(Extracted records)
== == ==
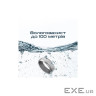Смарт-кільце HiFuture Future Ring2 7 Rose Gold (futurering2-7.rosegold)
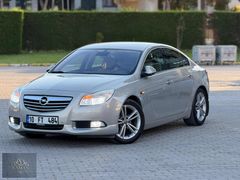 *YAMAN'DAN*2012 HATASIZ 115BİN KM EDT ELEGANCE EMSALSİZ/LPG/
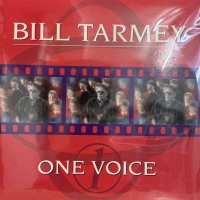 Bill Tarmey - Make This A Special Night (７'') (ピンピン！！)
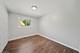 1149 Gail, Sleepy Hollow, IL 60118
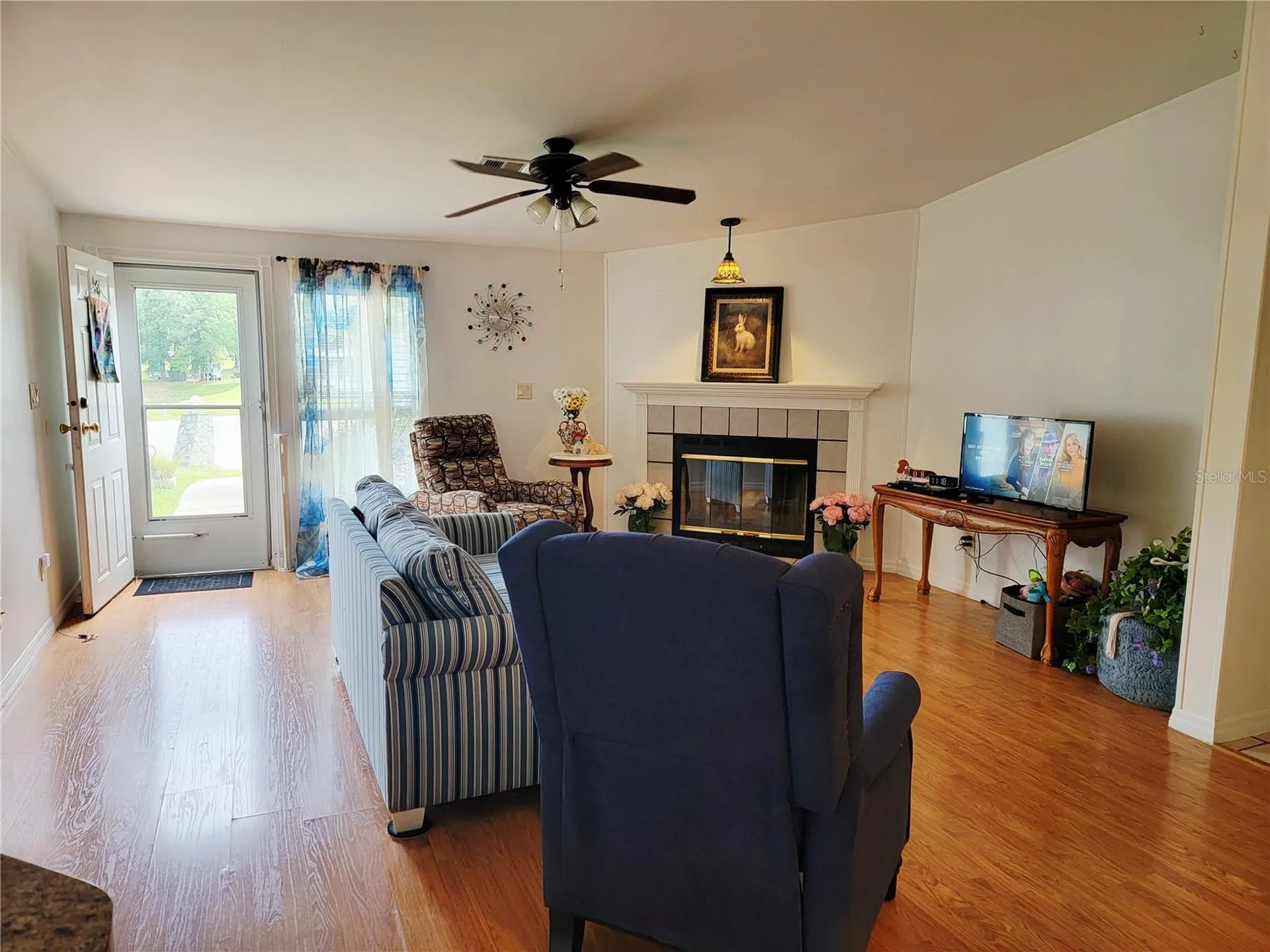 7980 SW 7th Place Ocala FL 34474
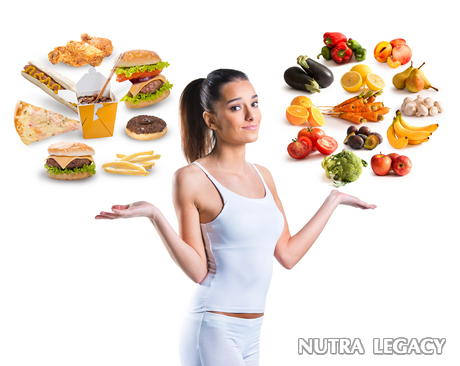 Metabolic Stress Metabolic Stress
== == ==
(Problem) Copy exactly, and copy only, the lines from the one bearing "7980 SW 7th Place Ocala FL 34474" through the closing line of the material, with both ends kept and pictures removed.

(Task response)
 7980 SW 7th Place Ocala FL 34474
 Metabolic Stress Metabolic Stress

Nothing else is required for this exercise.